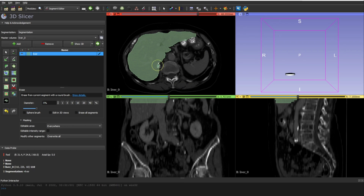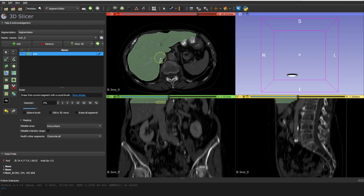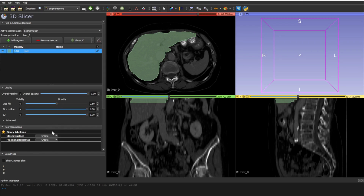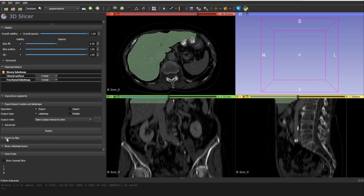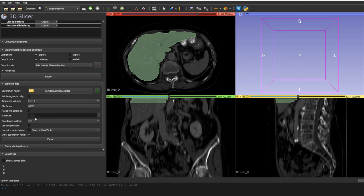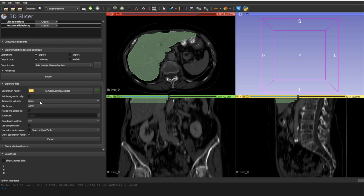Now let's say you've completed all the slices — I only did three, but the same applies to the full scan. Now to export your file, click on the green arrow here, then go to 'Export to File'. There are some parameters to set: first, choose the save location. Then, very importantly, set the Reference Volume — by default it may be set to None, which you must not leave.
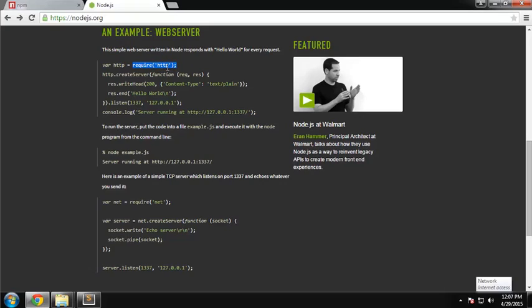Modules in Node are basically add-ons or extensions. They can be small bits of code encapsulated into a module, or they can be large framework-like modules like Express. Basically they're extensions to Node.js. The HTTP module comes with Node by default, so you don't have to install it separately.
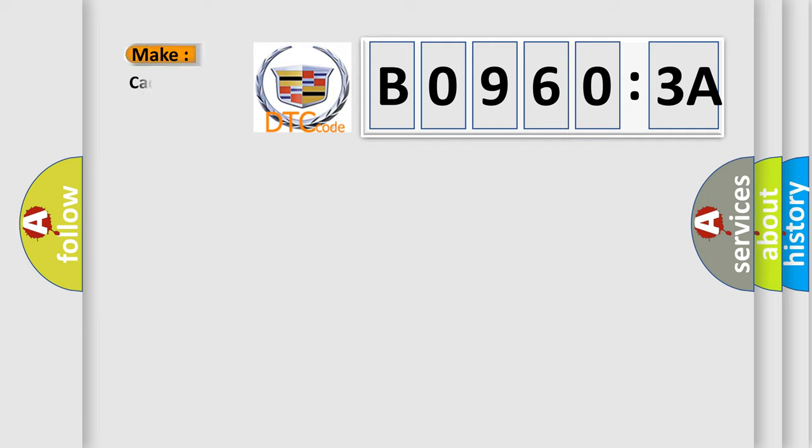So, what does the diagnostic trouble code B09603A interpret specifically for Cadillac car manufacturers.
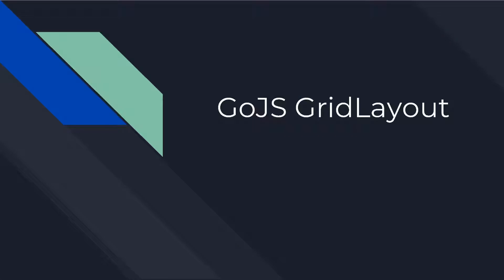Hello! Welcome to another GoJS intermediate tutorial. This video will explain and demonstrate how to use Grid Layout, an automatic layout that ships with GoJS, used to position nodes in grid-like arrangements.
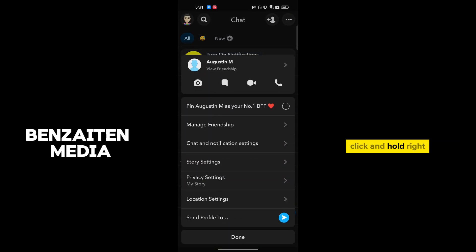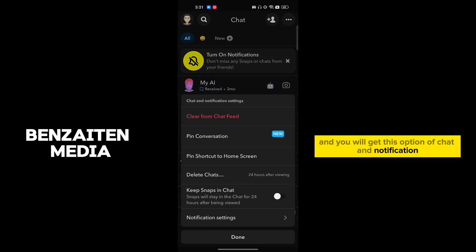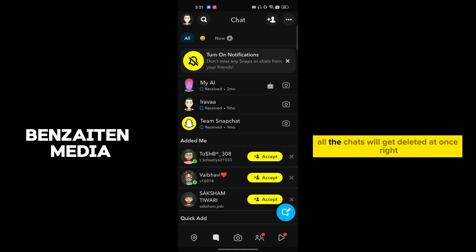and hold, and you will get this option of chat and notification. Now here you can see 'clear from chat feed.' So once you go and clear, all the chats will get deleted at once, and this is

========

Set down the material word for word, and drop every picture from it.

» **Solution to this exercise**
Now let's say you've completed all the slices — I only did three, but the same applies to the full scan. Now to export your file, click on the green arrow here, then go to 'Export to File'. There are some parameters to set: first, choose the save location. Then, very importantly, set the Reference Volume — by default it may be set to None, which you must not leave.
Modules in Node are basically add-ons or extensions. They can be small bits of code encapsulated into a module, or they can be large framework-like modules like Express. Basically they're extensions to Node.js. The HTTP module comes with Node by default, so you don't have to install it separately.
So, what does the diagnostic trouble code B09603A interpret specifically for Cadillac car manufacturers.
Hello! Welcome to another GoJS intermediate tutorial. This video will explain and demonstrate how to use Grid Layout, an automatic layout that ships with GoJS, used to position nodes in grid-like arrangements.
and hold, and you will get this option of chat and notification. Now here you can see 'clear from chat feed.' So once you go and clear, all the chats will get deleted at once, and this is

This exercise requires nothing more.